Three roles of quantum field theory
May 2 - 18
Abstract Quantum field theory has many roles, and the lectures will be about three of them. The primary role is to provide a description of all of fundamental physics when gravity is firmly excluded. A second, at first surprising, role has emerged from string theory, which is a theory of gravitation: it turns out that a two-dimensional field theory can be regarded as a generalized manifold, and in particular can be a model for space-time. Thirdly, quite apart from physics, the concept of a field theory has taken on a new life as an organizing principle in other areas of mathematics - not only in geometry and representation theory, but even in connection with quantum computing.

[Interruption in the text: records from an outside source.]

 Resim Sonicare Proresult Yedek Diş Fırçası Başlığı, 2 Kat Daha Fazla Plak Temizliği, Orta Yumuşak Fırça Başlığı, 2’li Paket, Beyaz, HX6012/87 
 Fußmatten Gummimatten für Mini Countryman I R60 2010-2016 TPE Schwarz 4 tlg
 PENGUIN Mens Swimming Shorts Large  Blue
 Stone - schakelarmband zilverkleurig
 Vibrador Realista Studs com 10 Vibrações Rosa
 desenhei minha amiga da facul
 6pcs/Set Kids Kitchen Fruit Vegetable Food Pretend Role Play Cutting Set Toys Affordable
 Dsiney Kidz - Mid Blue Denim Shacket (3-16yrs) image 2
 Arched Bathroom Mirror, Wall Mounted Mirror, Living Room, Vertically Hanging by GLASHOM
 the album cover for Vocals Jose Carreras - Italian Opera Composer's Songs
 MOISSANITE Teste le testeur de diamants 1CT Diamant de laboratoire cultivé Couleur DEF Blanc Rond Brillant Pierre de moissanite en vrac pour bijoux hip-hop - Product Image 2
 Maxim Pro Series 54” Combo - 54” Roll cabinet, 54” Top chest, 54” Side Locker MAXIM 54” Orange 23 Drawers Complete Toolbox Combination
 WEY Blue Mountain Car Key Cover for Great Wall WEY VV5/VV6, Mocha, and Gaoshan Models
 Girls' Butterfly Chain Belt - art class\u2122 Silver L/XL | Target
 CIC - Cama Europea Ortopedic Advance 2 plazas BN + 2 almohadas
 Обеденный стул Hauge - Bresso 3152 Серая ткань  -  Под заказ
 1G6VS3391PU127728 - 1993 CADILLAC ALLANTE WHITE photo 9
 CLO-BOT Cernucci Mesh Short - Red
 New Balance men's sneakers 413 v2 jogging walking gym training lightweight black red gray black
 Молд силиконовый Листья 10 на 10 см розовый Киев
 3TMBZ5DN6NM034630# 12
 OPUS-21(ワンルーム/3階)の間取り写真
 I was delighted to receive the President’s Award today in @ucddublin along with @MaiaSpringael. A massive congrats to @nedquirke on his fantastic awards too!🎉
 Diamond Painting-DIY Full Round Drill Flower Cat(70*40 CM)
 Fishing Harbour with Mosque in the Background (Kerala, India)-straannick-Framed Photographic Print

The three roles can be seen together as aspects of noncommutative geometry, and that will be a central theme of the lectures. The talks will aim to show how powerful the field theory idea is by jumping between a variety of contexts, beginning from the origins of the structure in particle physics, with a little about so-called “Wick rotation”, and then moving towards more pure-mathematical applications to analysis, algebra, and the structure of manifolds.
Posted at April 14, 2011 12:20 AM UTC
Re: Segal on Three roles of quantum field theory
Graeme Segal wrote:
How important is the number 2 here? Is there a reason why 1d or 3d field theories can’t be regarded as generalized manifolds?